*** Begin section ***

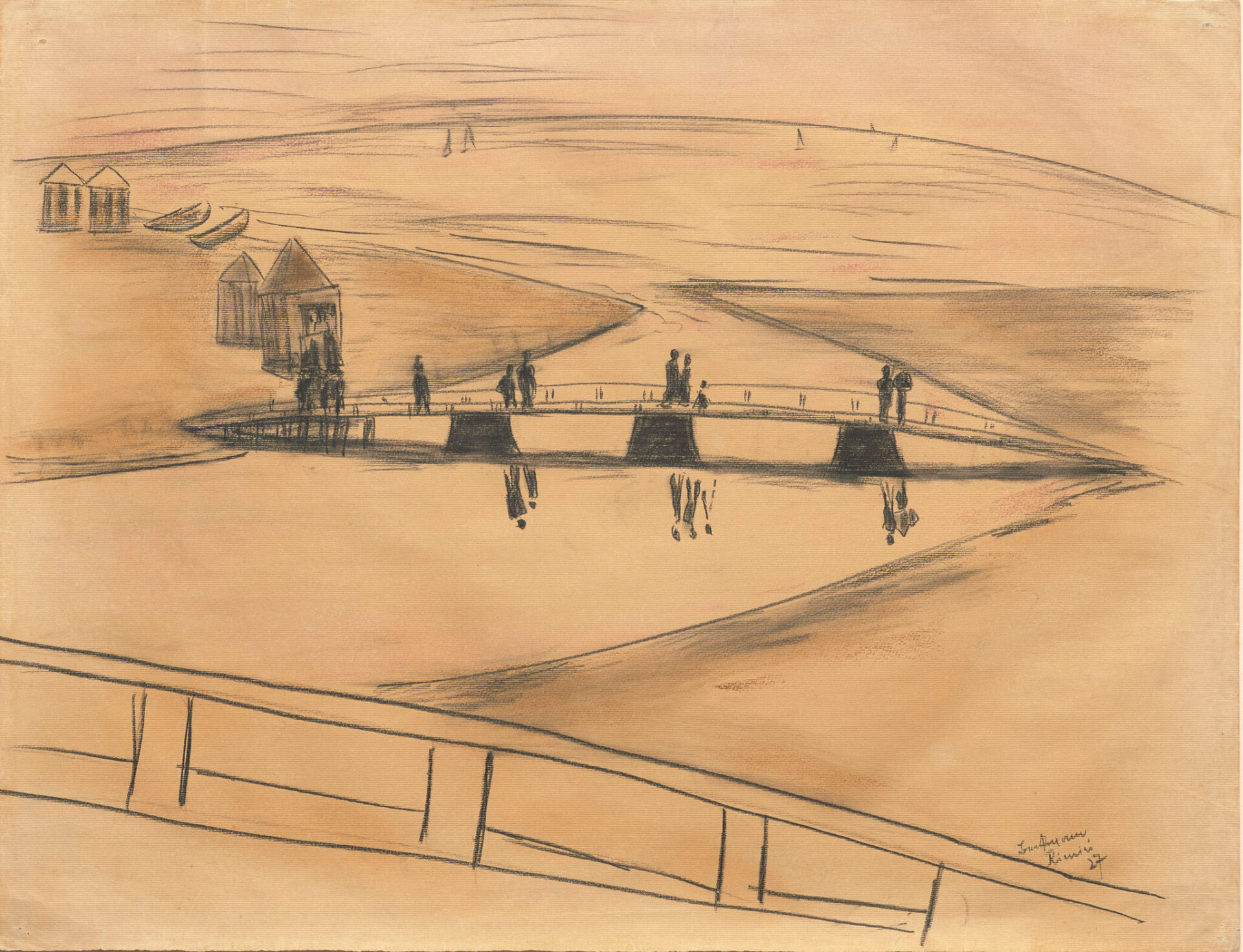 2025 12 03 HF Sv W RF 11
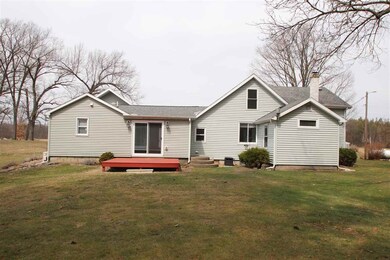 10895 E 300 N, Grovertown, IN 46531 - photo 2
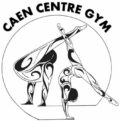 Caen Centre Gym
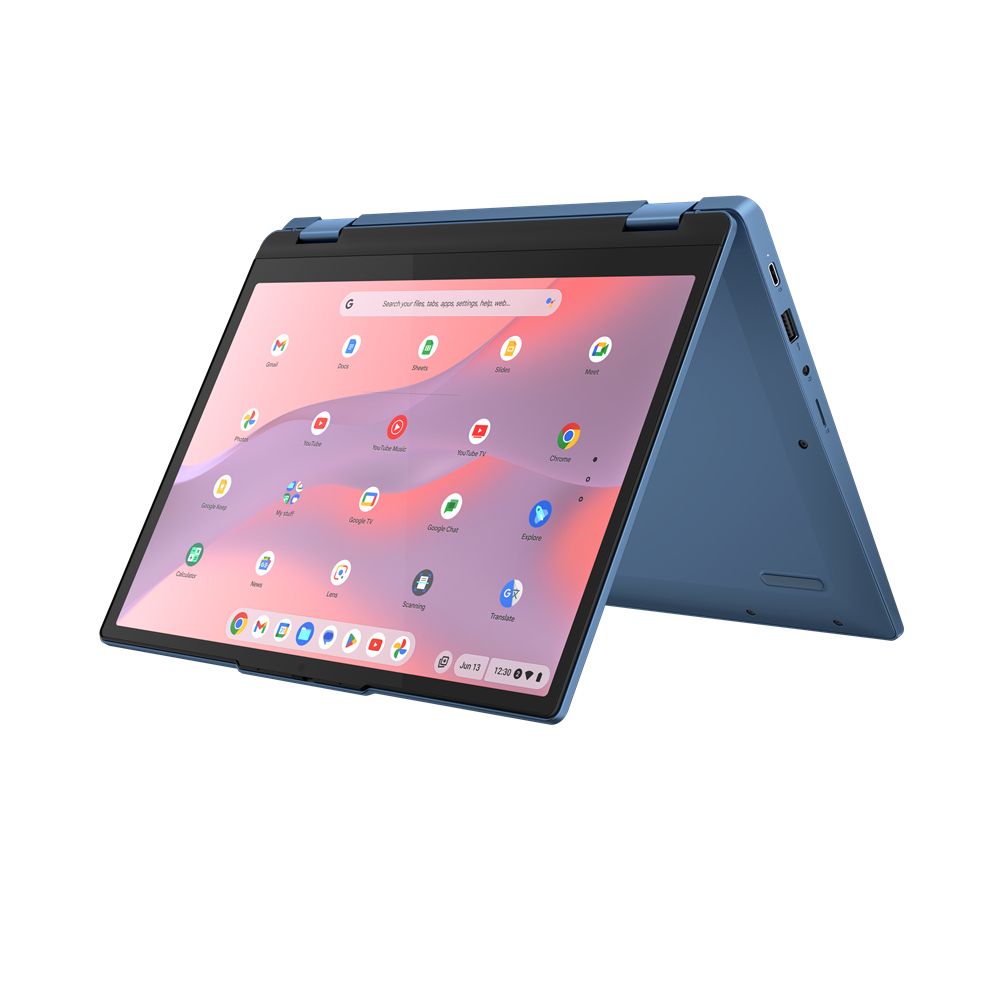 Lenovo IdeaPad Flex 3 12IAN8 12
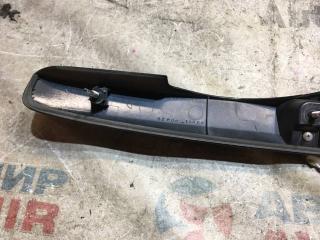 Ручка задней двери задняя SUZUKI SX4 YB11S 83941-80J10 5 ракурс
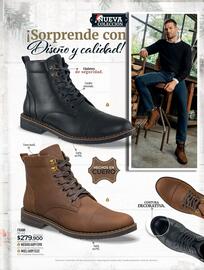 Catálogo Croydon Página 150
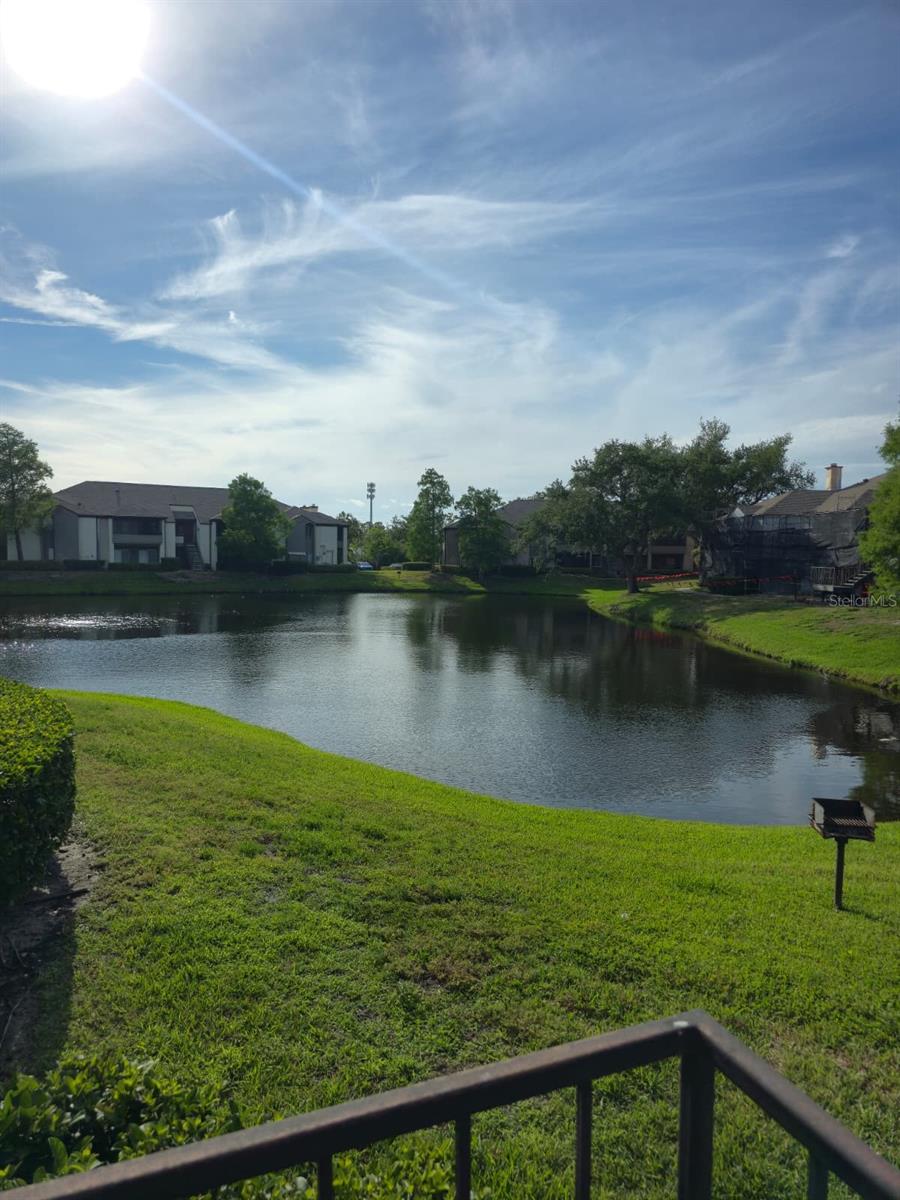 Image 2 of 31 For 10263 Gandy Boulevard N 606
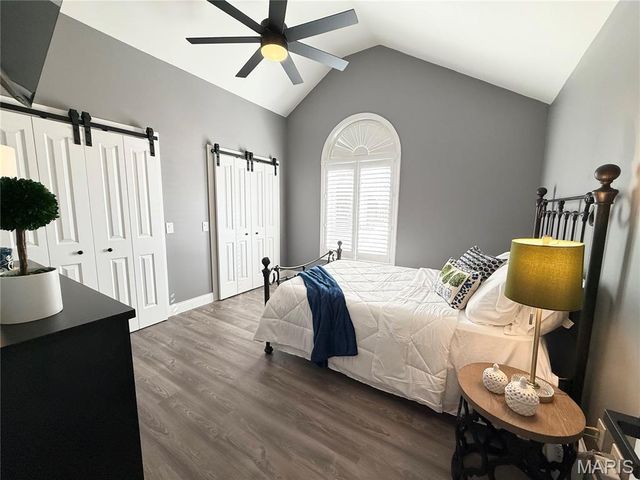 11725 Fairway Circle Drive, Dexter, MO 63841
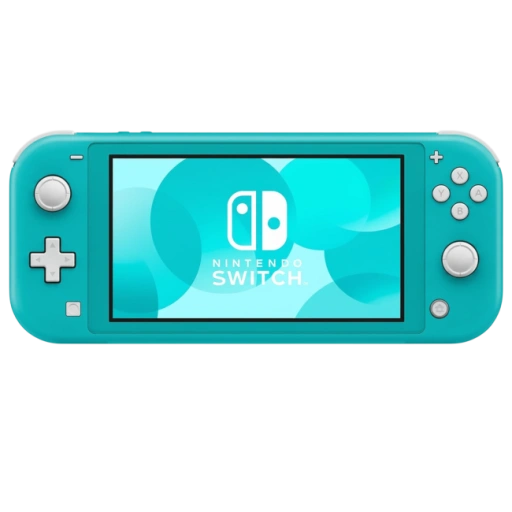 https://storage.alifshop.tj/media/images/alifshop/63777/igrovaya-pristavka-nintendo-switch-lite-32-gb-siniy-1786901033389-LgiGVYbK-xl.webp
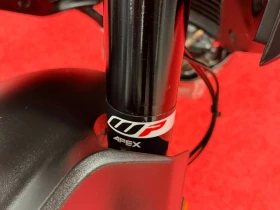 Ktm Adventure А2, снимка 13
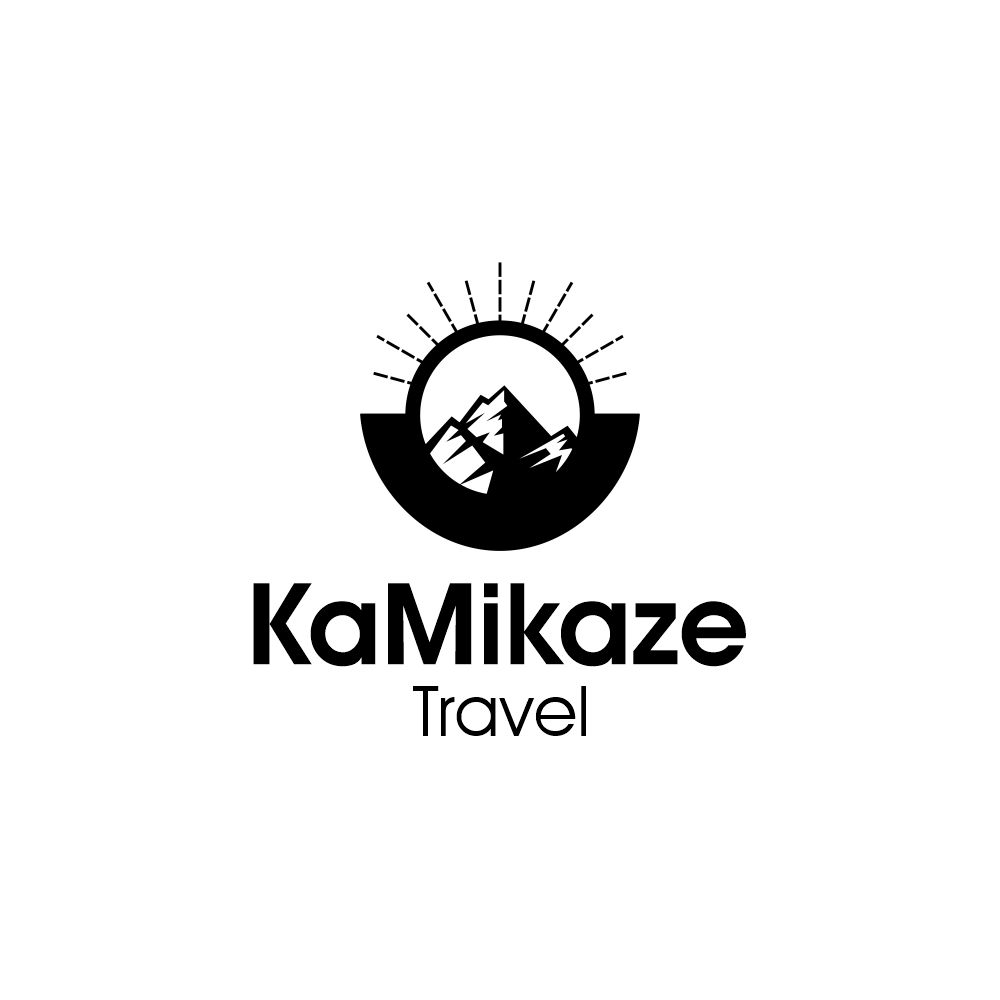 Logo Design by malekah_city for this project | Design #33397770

*** End section ***

- **What to work on**:
Beginning with the line that contains "Ручка задней двери" and ending with the final line of the listing, return each line exactly. Omit all pictures.

- **Expected answer**:
 Ручка задней двери задняя SUZUKI SX4 YB11S 83941-80J10 5 ракурс
 Catálogo Croydon Página 150
 Image 2 of 31 For 10263 Gandy Boulevard N 606
 11725 Fairway Circle Drive, Dexter, MO 63841
 https://storage.alifshop.tj/media/images/alifshop/63777/igrovaya-pristavka-nintendo-switch-lite-32-gb-siniy-1786901033389-LgiGVYbK-xl.webp
 Ktm Adventure А2, снимка 13
 Logo Design by malekah_city for this project | Design #33397770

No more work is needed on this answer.